SOFI’s 52-week range reflects a period of recovery from multi-year lows reached in 2024, with the stock having rebuilt from levels below $7 as the company’s bank charter, obtained in January 2022, began to deliver meaningful financial benefits through lower-cost deposit funding.
SoFi Bank has attracted over eight million members to its digital banking platform, with deposits growing rapidly as the company offers among the most competitive interest rates on savings accounts among US digital banks, drawing customers away from traditional brick-and-mortar institutions.
The company’s technology services division, which powers digital banking infrastructure for other financial institutions through its Galileo and Technisys platforms, has become an increasingly important revenue contributor and provides a level of earnings diversification that reduces SoFi’s dependence on its own direct-to-consumer lending activity.
SoFi reported first-quarter 2026 results that showed continued strong member growth and a positive adjusted net income, demonstrating that the company is making tangible progress toward its long-term goal of becoming a sustainably profitable full-service digital bank.

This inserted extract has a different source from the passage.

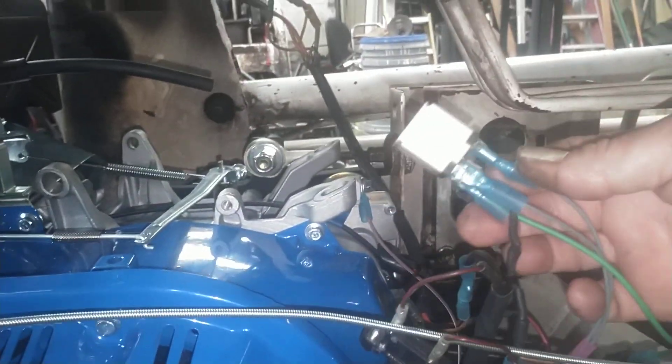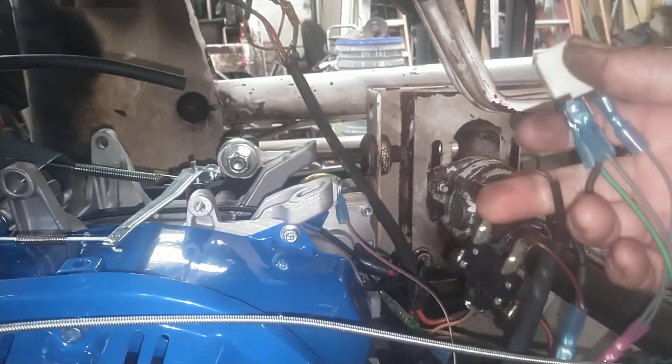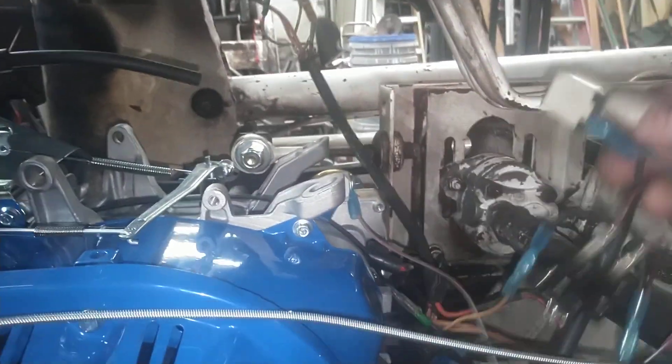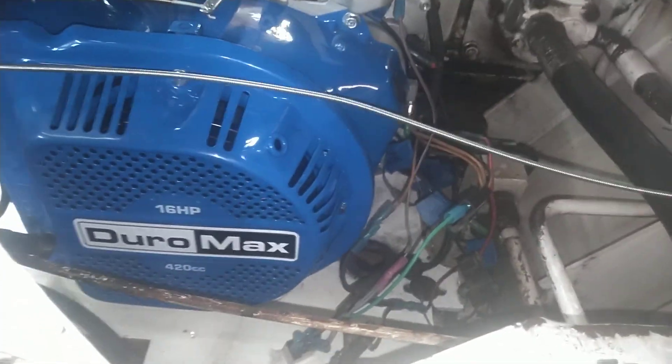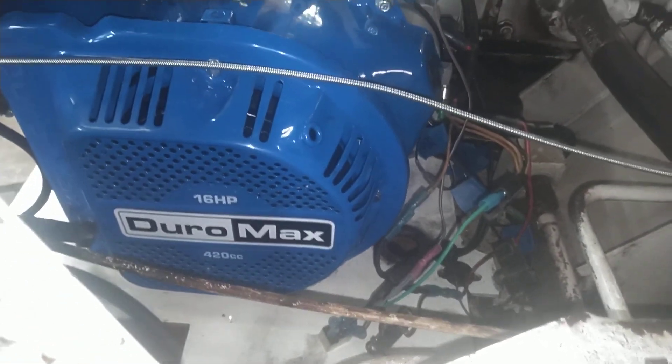I looked online and decided to put a relay in this. I kept all the factory stuff, I don't have it all taped up yet. I fixed the coil so when you put power to the coil it puts ground to kill it. I got a choke cable hooked up.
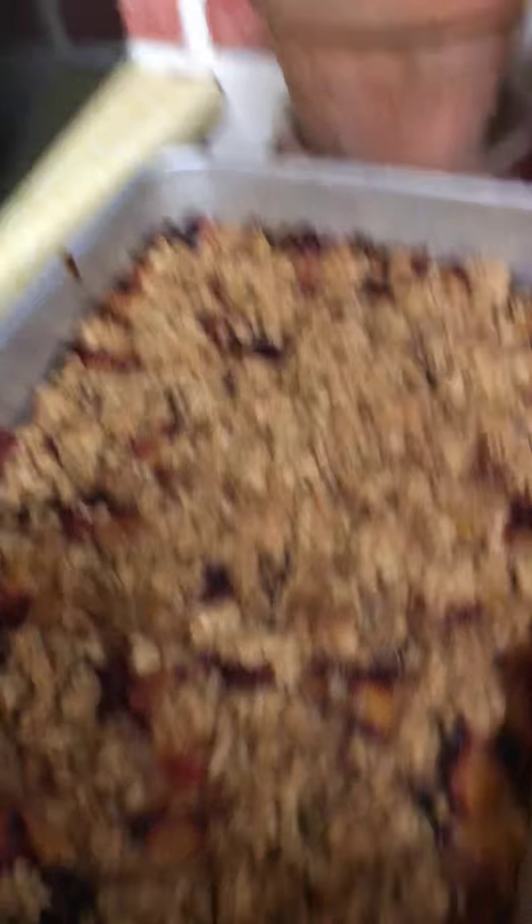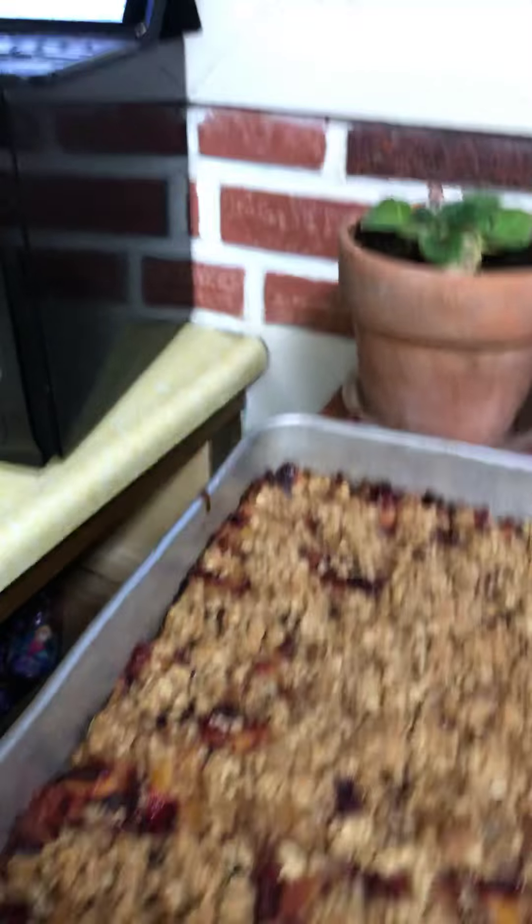I searched up plum recipes and came up with plum breakfast bars. I actually used this recipe a couple of years ago when we were in another place that also had plums — they seem to be super common in Idaho. The recipe is from Jen's Favorite Cookies dot com. It's a breakfast bar with plum filling, which sounds great.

The student loan lending environment has improved slightly from the most challenged period of 2024 and 2025, with refinancing activity recovering modestly as interest rate expectations shifted, providing a marginal tailwind to one of SoFi’s historically largest revenue segments.
Analyst coverage of SOFI is broadly divided, with bulls citing the deposit growth, bank charter leverage, and technology services revenue as evidence that the company is building a durable and profitable financial services platform, while bears point to ongoing profitability challenges in the lending business.
The stock’s beta of approximately 1.8 reflects its classification as a high-risk fintech growth name among institutional investors, making SOFI sensitive to broad market sentiment shifts alongside its own fundamental developments.
President Trump’s financial disclosure published last week revealing government-linked accounts had purchased COIN and PYPL shares generated some investor curiosity about whether SOFI might attract similar political attention as a fintech name associated with broader financial democratisation themes.
SoFi’s next quarterly earnings report will be closely watched for deposit growth data, net interest margin trends, and updates on the Galileo and Technisys technology services business as investors assess whether the company is on track to sustain the profitability trajectory established in 2025 and early 2026.